## REQUIRED WORK
Please copy exactly the part of the records below that opens with the line containing "My inaugural testing" and closes with the line containing "Here are the", leaving out any pictures.

## THE DATA
---*---

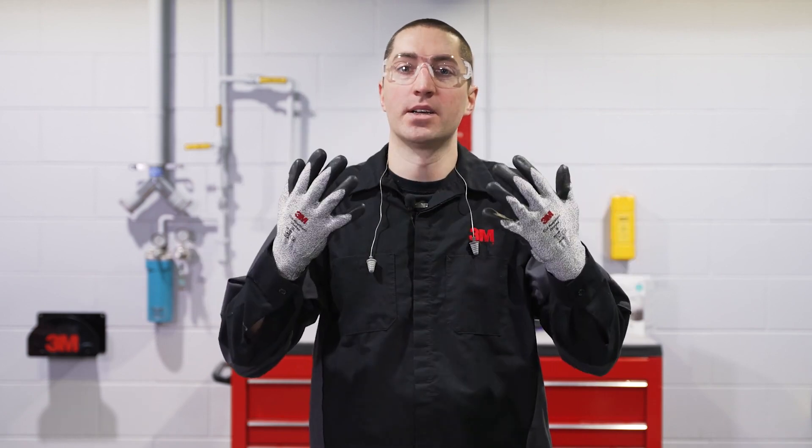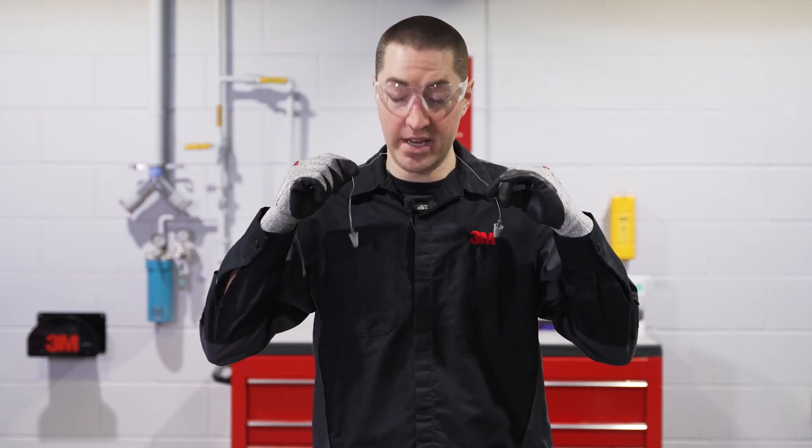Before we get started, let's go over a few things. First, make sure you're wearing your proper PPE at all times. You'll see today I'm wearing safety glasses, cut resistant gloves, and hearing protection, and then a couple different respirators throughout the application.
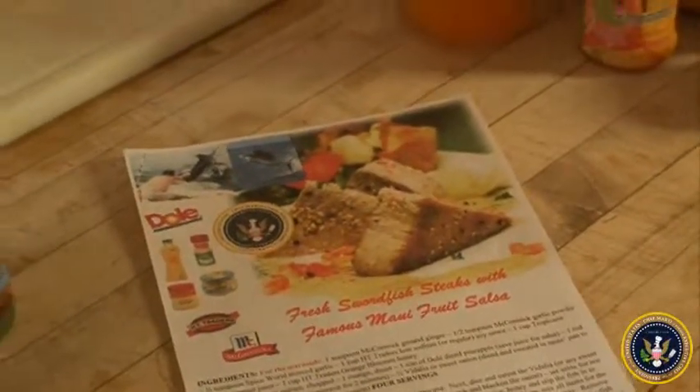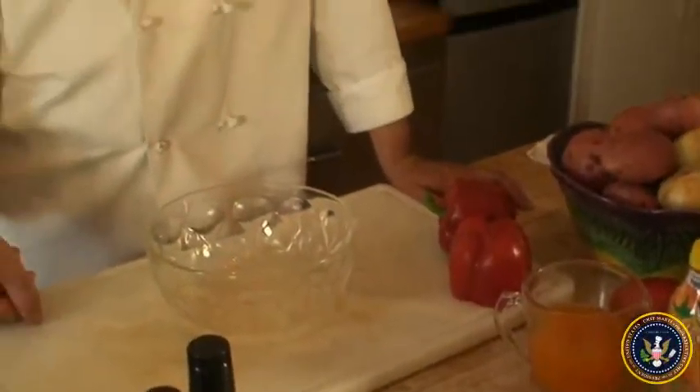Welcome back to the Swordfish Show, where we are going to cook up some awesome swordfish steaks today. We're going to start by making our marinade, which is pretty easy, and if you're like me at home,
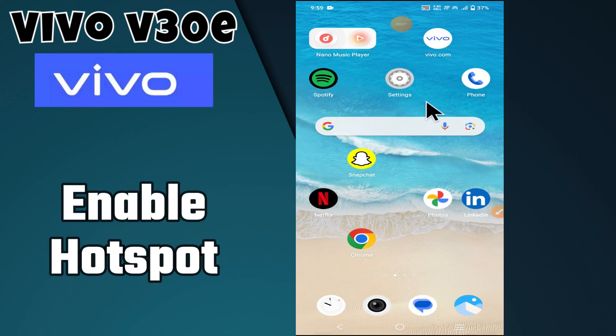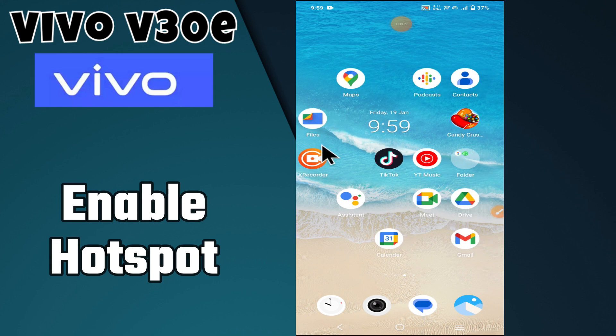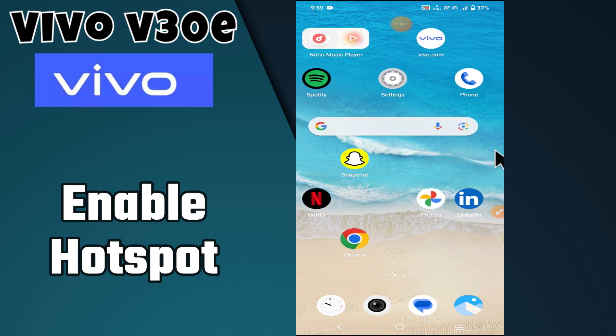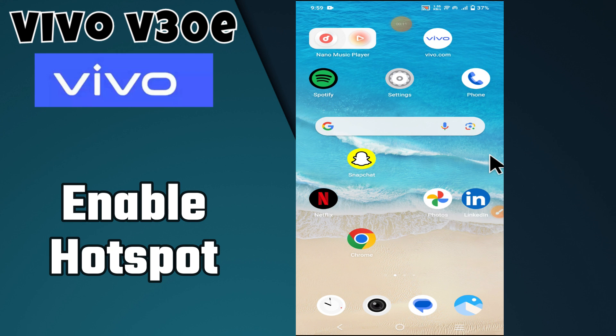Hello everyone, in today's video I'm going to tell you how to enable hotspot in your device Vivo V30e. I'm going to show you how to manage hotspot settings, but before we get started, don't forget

---*---

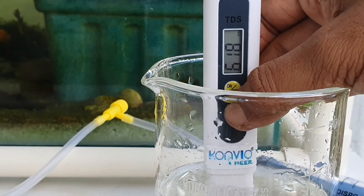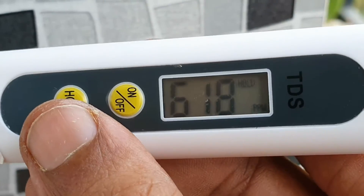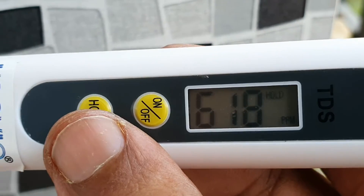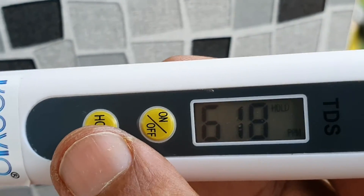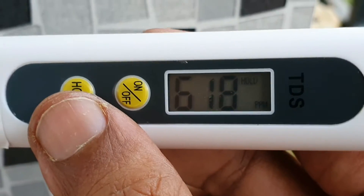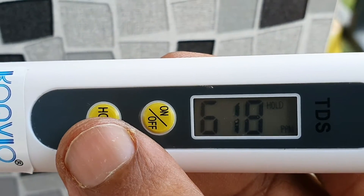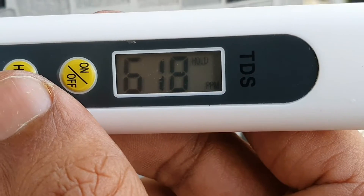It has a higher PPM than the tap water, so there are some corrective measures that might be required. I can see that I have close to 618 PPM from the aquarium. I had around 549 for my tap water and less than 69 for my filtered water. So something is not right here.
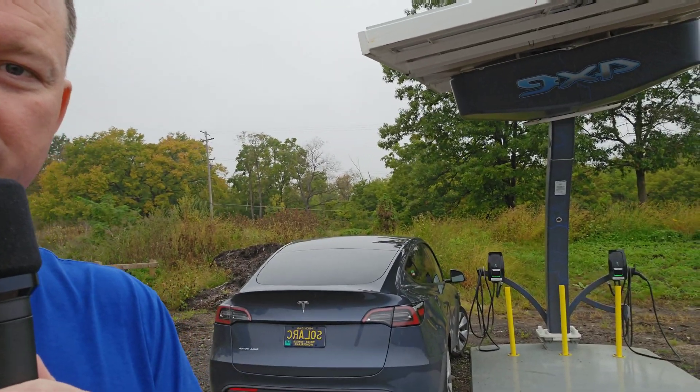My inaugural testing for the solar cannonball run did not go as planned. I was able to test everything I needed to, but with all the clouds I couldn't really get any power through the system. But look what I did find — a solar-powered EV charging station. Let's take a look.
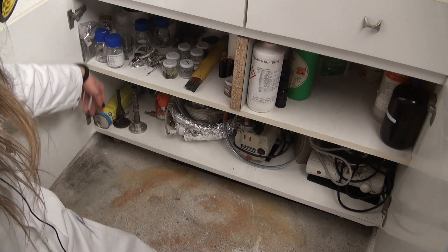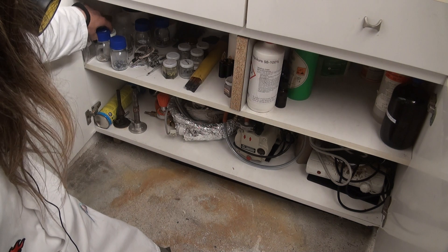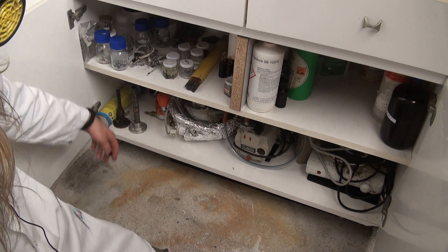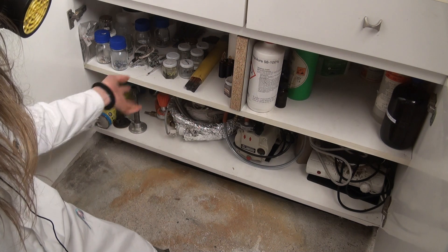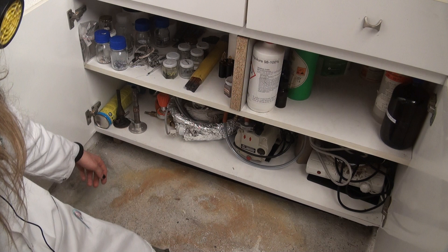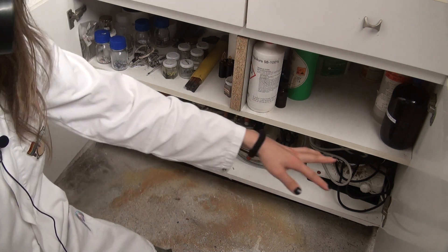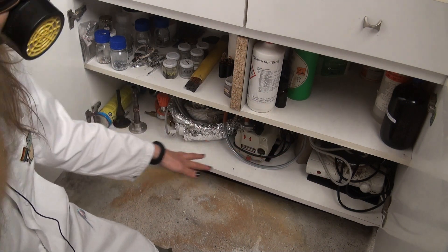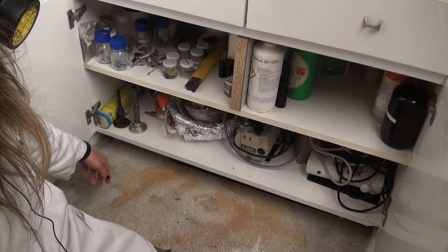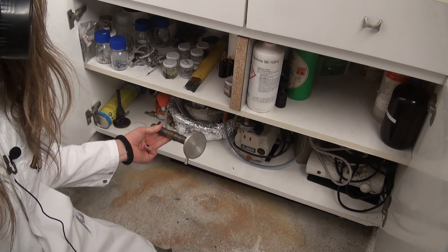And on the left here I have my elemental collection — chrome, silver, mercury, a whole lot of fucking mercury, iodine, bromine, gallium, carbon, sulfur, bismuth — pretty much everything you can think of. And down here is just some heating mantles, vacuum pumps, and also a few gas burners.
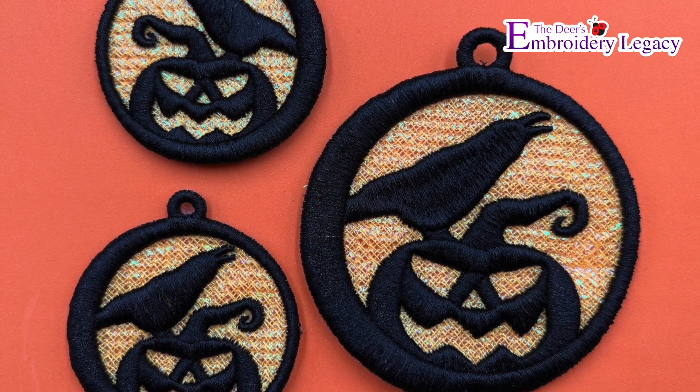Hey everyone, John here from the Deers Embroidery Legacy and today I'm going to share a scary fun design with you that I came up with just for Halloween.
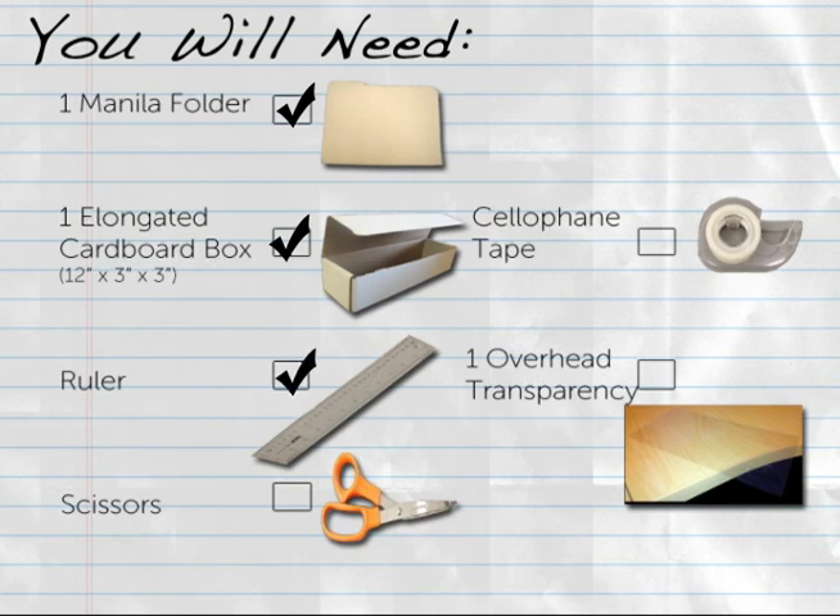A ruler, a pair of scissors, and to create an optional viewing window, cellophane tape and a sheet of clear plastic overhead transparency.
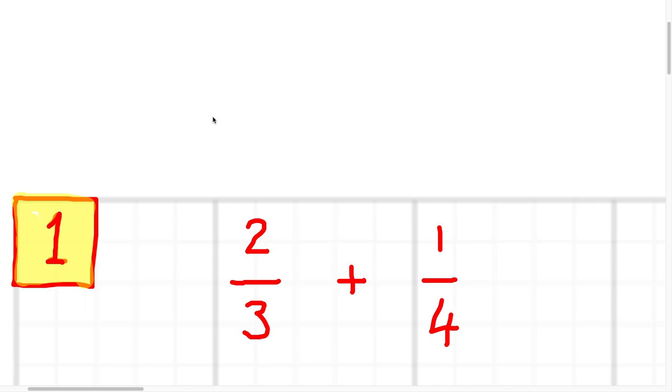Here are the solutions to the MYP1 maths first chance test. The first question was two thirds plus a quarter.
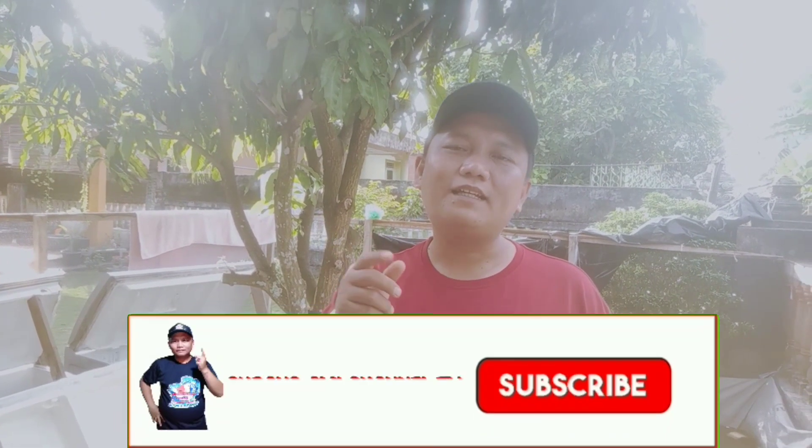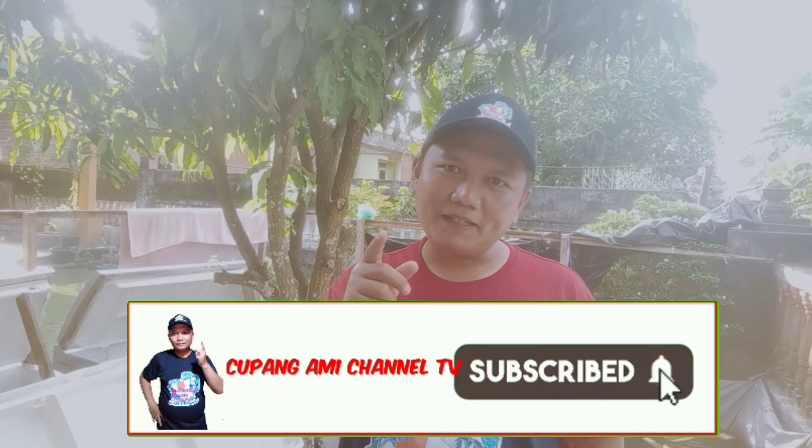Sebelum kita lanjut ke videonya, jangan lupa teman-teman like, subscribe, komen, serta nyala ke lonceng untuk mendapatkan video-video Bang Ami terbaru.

---*---

## RESPONSE
My inaugural testing for the solar cannonball run did not go as planned. I was able to test everything I needed to, but with all the clouds I couldn't really get any power through the system. But look what I did find — a solar-powered EV charging station. Let's take a look.
And on the left here I have my elemental collection — chrome, silver, mercury, a whole lot of fucking mercury, iodine, bromine, gallium, carbon, sulfur, bismuth — pretty much everything you can think of. And down here is just some heating mantles, vacuum pumps, and also a few gas burners.
Hey everyone, John here from the Deers Embroidery Legacy and today I'm going to share a scary fun design with you that I came up with just for Halloween.
A ruler, a pair of scissors, and to create an optional viewing window, cellophane tape and a sheet of clear plastic overhead transparency.
Here are the solutions to the MYP1 maths first chance test. The first question was two thirds plus a quarter.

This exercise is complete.